Entangling quantum gate in trapped ions via Rydberg blockade

TL;DR

This paper proposes a theoretical method to implement entangling quantum gates between trapped ions using Rydberg states, overcoming vibrational mode coupling issues by employing dressed states with long-range dipolar interactions.

Contribution

It introduces a novel approach using microwave-dressed Rydberg states to achieve vibrational mode-independent entangling gates in trapped ions.

Findings

Dressed states mitigate vibrational coupling effects.

Long-range dipolar interactions enable controlled phase gates.
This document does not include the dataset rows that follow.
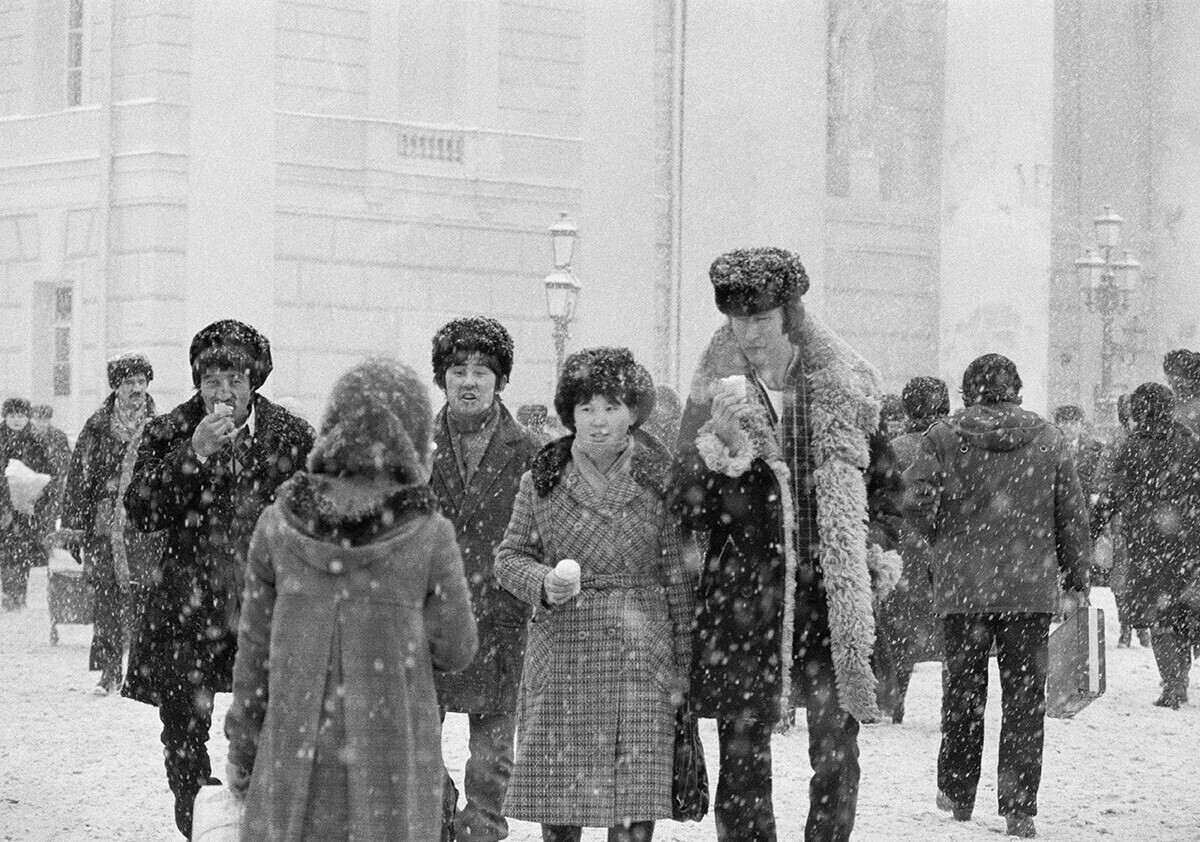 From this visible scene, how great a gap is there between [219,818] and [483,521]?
7.12ft

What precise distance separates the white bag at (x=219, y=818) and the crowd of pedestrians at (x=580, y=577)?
87 mm

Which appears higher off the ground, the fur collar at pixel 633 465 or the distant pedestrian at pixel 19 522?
the fur collar at pixel 633 465

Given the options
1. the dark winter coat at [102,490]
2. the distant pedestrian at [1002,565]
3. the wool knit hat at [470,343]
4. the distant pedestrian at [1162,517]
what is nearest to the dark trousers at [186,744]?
the wool knit hat at [470,343]

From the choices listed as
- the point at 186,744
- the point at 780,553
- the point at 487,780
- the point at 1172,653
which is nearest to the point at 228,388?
the point at 186,744

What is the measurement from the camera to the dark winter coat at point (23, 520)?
52.9ft

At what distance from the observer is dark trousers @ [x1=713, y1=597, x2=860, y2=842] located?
5406 millimetres

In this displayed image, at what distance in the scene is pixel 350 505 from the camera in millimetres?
4176

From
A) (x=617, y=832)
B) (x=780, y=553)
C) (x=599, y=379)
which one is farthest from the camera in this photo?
(x=599, y=379)

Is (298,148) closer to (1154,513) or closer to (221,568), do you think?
(1154,513)

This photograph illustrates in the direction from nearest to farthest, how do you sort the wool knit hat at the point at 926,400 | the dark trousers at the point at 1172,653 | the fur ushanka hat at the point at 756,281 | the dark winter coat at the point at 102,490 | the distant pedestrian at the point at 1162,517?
the fur ushanka hat at the point at 756,281
the dark winter coat at the point at 102,490
the wool knit hat at the point at 926,400
the distant pedestrian at the point at 1162,517
the dark trousers at the point at 1172,653

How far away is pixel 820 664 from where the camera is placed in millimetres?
5551

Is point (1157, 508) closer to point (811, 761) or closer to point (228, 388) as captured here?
point (811, 761)

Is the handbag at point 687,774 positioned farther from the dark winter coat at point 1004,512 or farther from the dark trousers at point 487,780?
the dark winter coat at point 1004,512

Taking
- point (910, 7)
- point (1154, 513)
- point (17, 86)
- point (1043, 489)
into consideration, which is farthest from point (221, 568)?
point (910, 7) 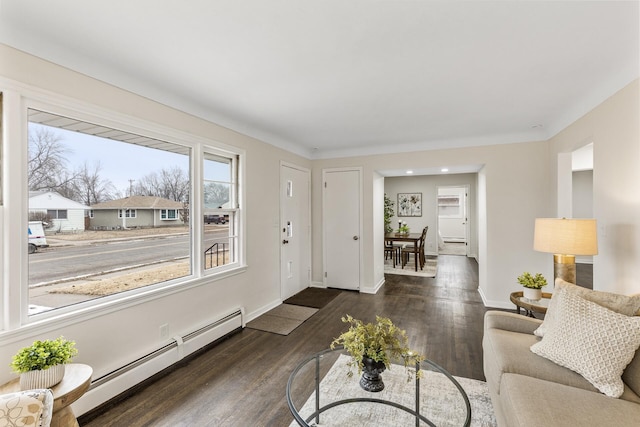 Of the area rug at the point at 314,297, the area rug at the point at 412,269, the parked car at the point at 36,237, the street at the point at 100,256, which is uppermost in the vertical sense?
the parked car at the point at 36,237

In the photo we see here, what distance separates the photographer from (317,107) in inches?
119

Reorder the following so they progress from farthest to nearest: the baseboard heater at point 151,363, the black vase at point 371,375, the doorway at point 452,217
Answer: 1. the doorway at point 452,217
2. the baseboard heater at point 151,363
3. the black vase at point 371,375

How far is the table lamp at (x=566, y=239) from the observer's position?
7.49 feet

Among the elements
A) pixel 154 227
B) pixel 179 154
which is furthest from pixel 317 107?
pixel 154 227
The method offers a pathway for scalable ion-based quantum computing.

Abstract

We present a theoretical analysis of the implementation of an entangling quantum gate between two trapped Ca$^+$ ions which is based on the dipolar interaction among ionic Rydberg states. In trapped ions the Rydberg excitation dynamics is usually strongly affected by mechanical forces due to the strong couplings between electronic and vibrational degrees of freedom in inhomogeneous electric fields. We demonstrate that this harmful effect can be overcome by using dressed states that emerge from the microwave coupling of nearby Rydberg states. At the same time these dressed states exhibit long range dipolar interactions which we use to implement a controlled adiabatic phase gate. Our study highlights a route towards a trapped ion quantum processor in which quantum gates are realized independently of the vibrational modes.